O ensaio seguinte retrata os Regimes da Arte e o Realismo de Jacques Rancière
em A partilha do sensível (2009), o conceito de literatura sob a perspectiva de Terry Eagleton em O que é literatura? (1983) e a perspectiva de Pagu, em Parque industrial (1933). Segundo Rancière, a arte que conhecemos é dividida em três regimes, o Regime Ético das Imagens, o Regime Estético e o Regime Poético. Sobre o primeiro, o Regime Ético das imagens, tem-se que o modo de ser das artes concerne em seu caráter o modo de ser dos indivíduos, tendo como finalidade representar a realidade, favorecendo a burguesia e gerando desigualdade. A este, o autor associa, por exemplo, à imagem da lei. Deste advém-se o Regime Poético, sendo uma representação do sensível, por meio da mimese e assumindo uma postura autônoma da arte, visibilizando também a desigualdade. Este depende do conteúdo, nele há um sistema de hierarquia entre o sujeito, gênero e a arte se baseia nas normas da mimese e se fundamenta no poder das palavras. a visão hierárquica global das ocupações políticas e sociais: o primado representativo da ação sobre os caracteres, ou da narração sobre a descrição, a hierarquia dos gêneros segundo a dignidade de seus temas, e o próprio primado da arte da palavra, da palavra em ato, entram em analogia com toda uma visão hierárquica da comunidade (RANCIÈRE, 2005, p. 32).

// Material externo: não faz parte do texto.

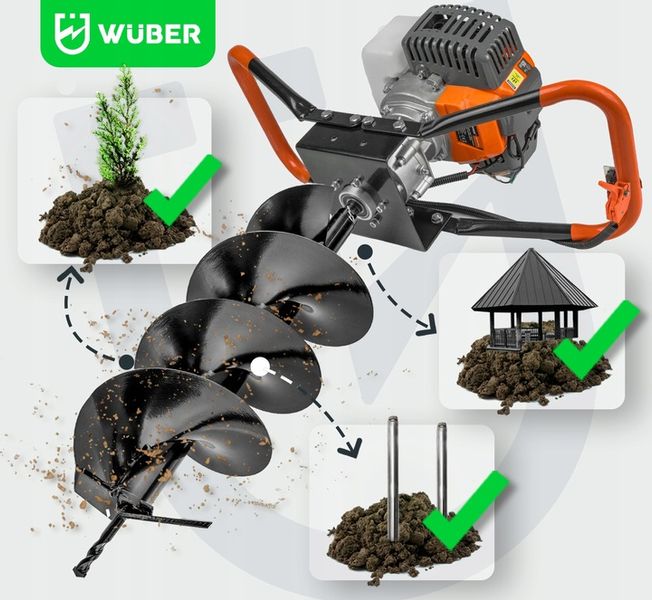 WIERTNICA SPALINOWA GLEBOWA ŚWIDER DO ZIEMI zdjęcie 10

Já o regime estético, contrapondo-se aos anteriores, assume uma ruptura com
o metafísico. Neste, o pensamento é levado também a diferenciar-se de si mesmo, ele cria a sua própria mimese, não tem dependência em relação à forma artística e não corresponde a hierarquia entre o sujeito, gênero e arte . Com este regime, a arte liberta-se da sua condição de artes e de belas-artes, para se definir por si própria. A palavra ‘estética’ não remete a uma teoria da sensibilidade, de gosto ou do prazer dos amadores de arte. Remete, propriamente, ao modo de ser específico daquilo que pertence à arte, ao modo de ser de seus objetos. [...] as coisas são identificadas por pertencerem a um regime específico do sensível. Esse sensível [...] é habitado pela potência do pensamento que se tornou estranho a si mesmo: produto idêntico ao não-produto, saber transformado em não-saber, logos idêntico a um pathos, intenção do inintencional etc. (RANCIÈRE, 2005, p. 32).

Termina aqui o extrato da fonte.